● **The task**
Transcribe exactly everything in the data below from the line containing "Lenjerie de Pat" down to the line containing "Close-Up Portrait of", both lines included and nothing further.

____ Data for processing

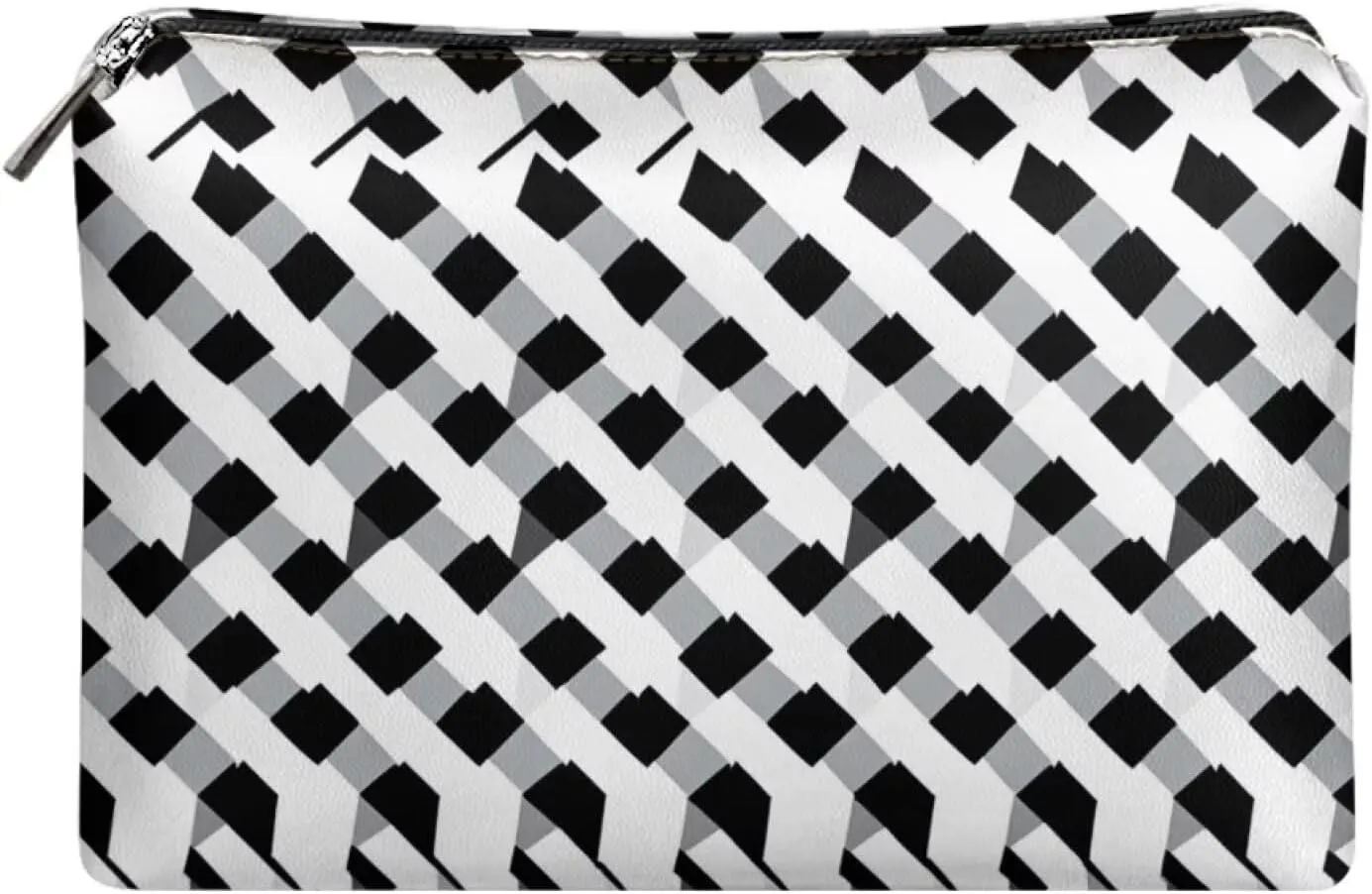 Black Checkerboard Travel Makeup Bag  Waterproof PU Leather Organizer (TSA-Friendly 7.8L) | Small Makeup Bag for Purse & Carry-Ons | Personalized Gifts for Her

________
____ Data for processing

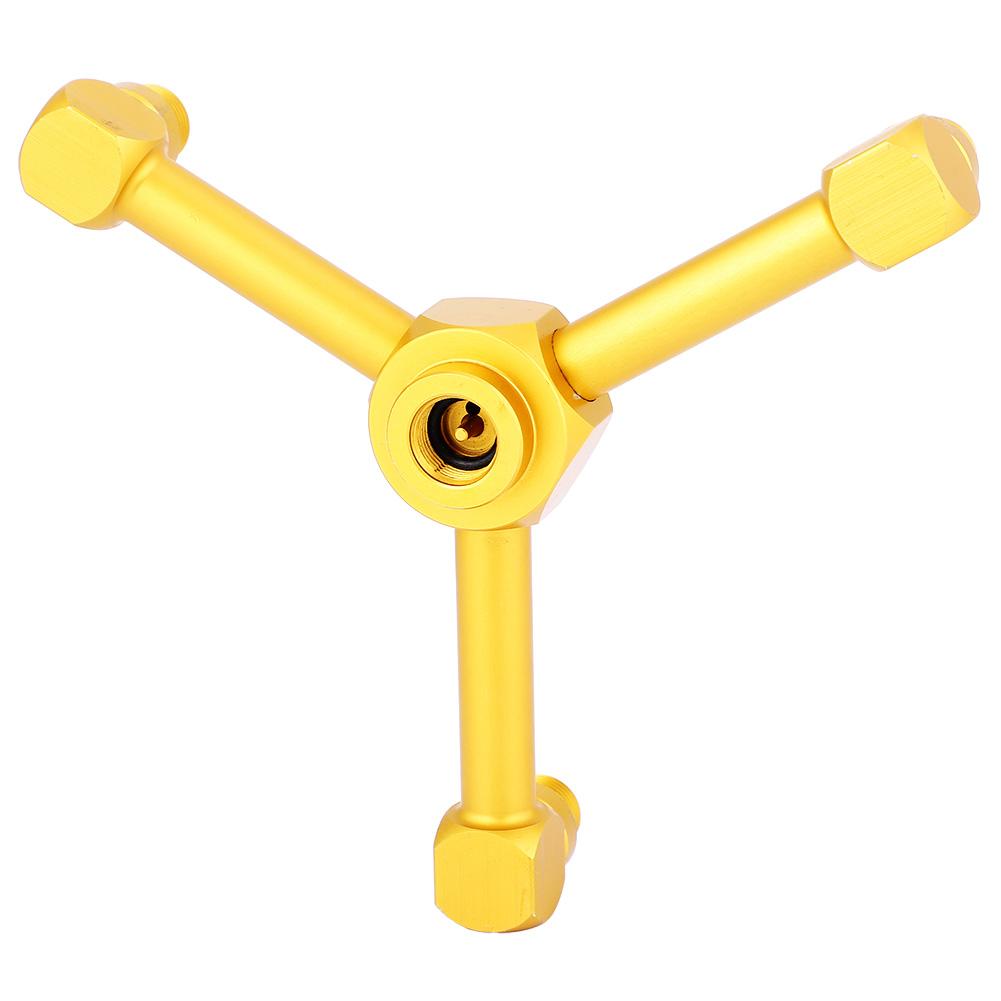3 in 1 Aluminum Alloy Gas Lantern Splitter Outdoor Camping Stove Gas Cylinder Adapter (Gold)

________
____ Data for processing

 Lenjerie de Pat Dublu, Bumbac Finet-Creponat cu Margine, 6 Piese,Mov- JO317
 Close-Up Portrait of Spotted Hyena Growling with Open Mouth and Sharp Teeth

________

● **Task result**
 Lenjerie de Pat Dublu, Bumbac Finet-Creponat cu Margine, 6 Piese,Mov- JO317
 Close-Up Portrait of Spotted Hyena Growling with Open Mouth and Sharp Teeth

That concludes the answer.